▸ INSTRUCTIONS TO FOLLOW:
From the line that holds "Spotted Peregrine Falcon" down to the last line of the listing below, transcribe exactly and only those lines. Leave pictures out.

-- EXTRACTED DATA follows --

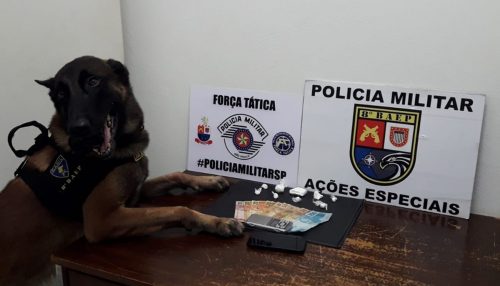 Cão farejador detecta presença de droga em vão de parede e homem é preso em flagrante por tráfico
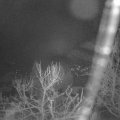 Webcam_20240214-060000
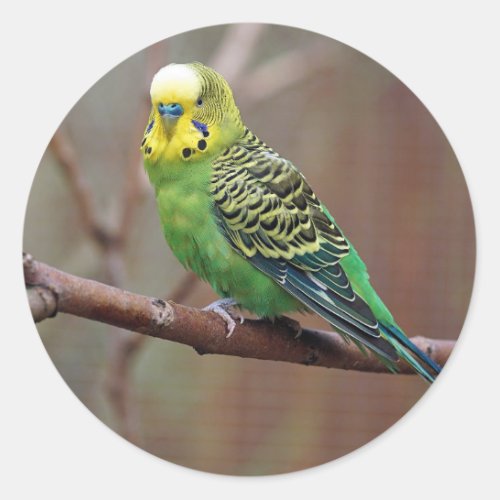 Pretty Green Parakeet Photo Classic Round Sticker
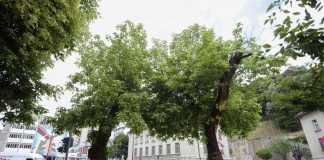 SEČA DVA STABLA NA CVETNOM TRGU Zbog novog kružnog toka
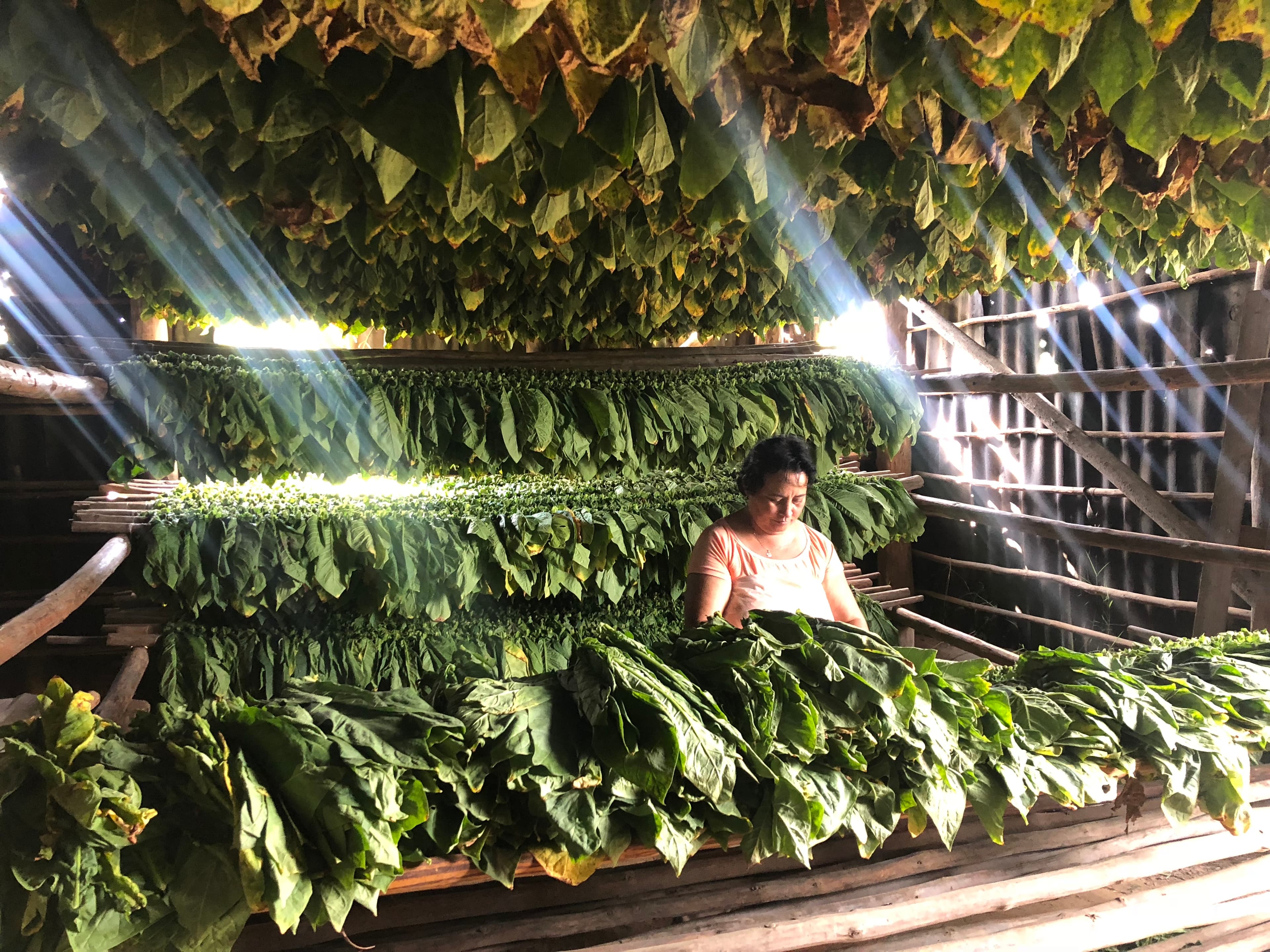 Tobacco leaves in Cuba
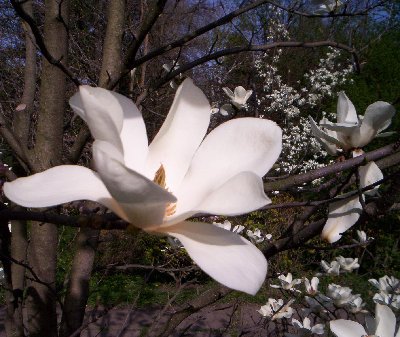 magnolia_3.jpg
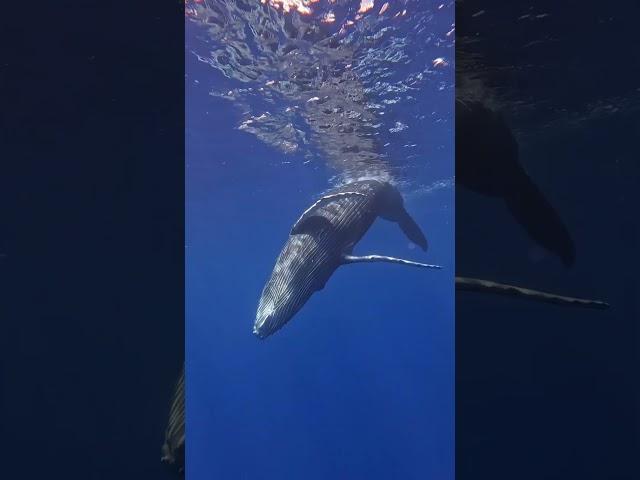 You Won't Believe This Whale's Underwater Skills!  #shorts #SeaCreatures #Nature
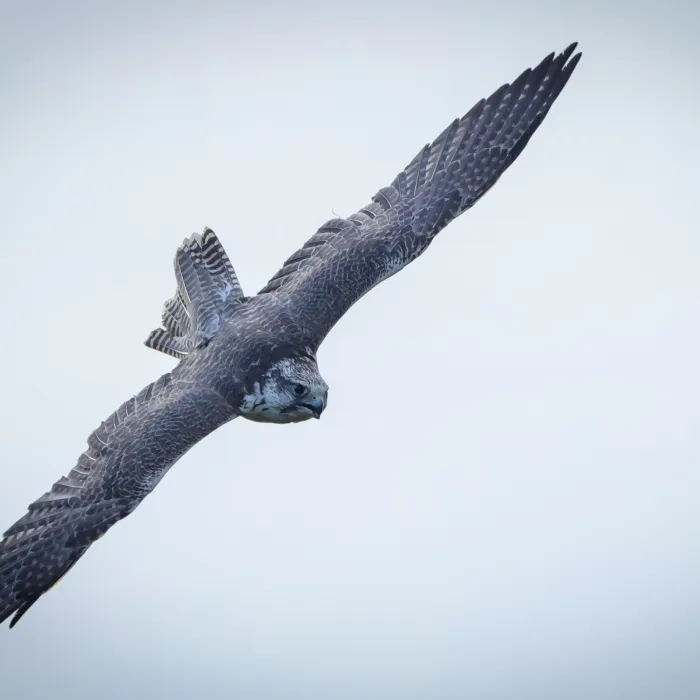 Spotted Peregrine Falcon
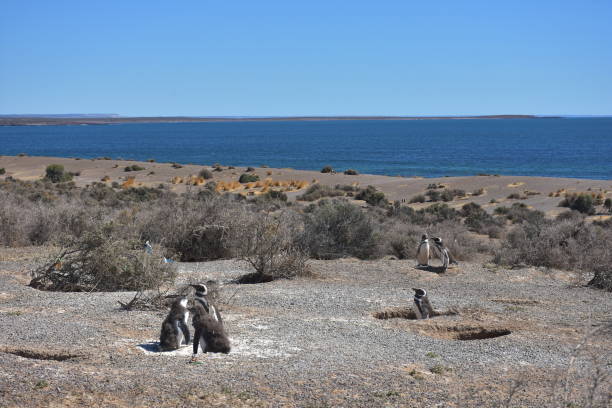 istock Punta Tombo penguin colony, Patagonia 1155591119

-- EXTRACTED DATA concluded --

▸ EXPECTED OUTPUT:
 Spotted Peregrine Falcon
 istock Punta Tombo penguin colony, Patagonia 1155591119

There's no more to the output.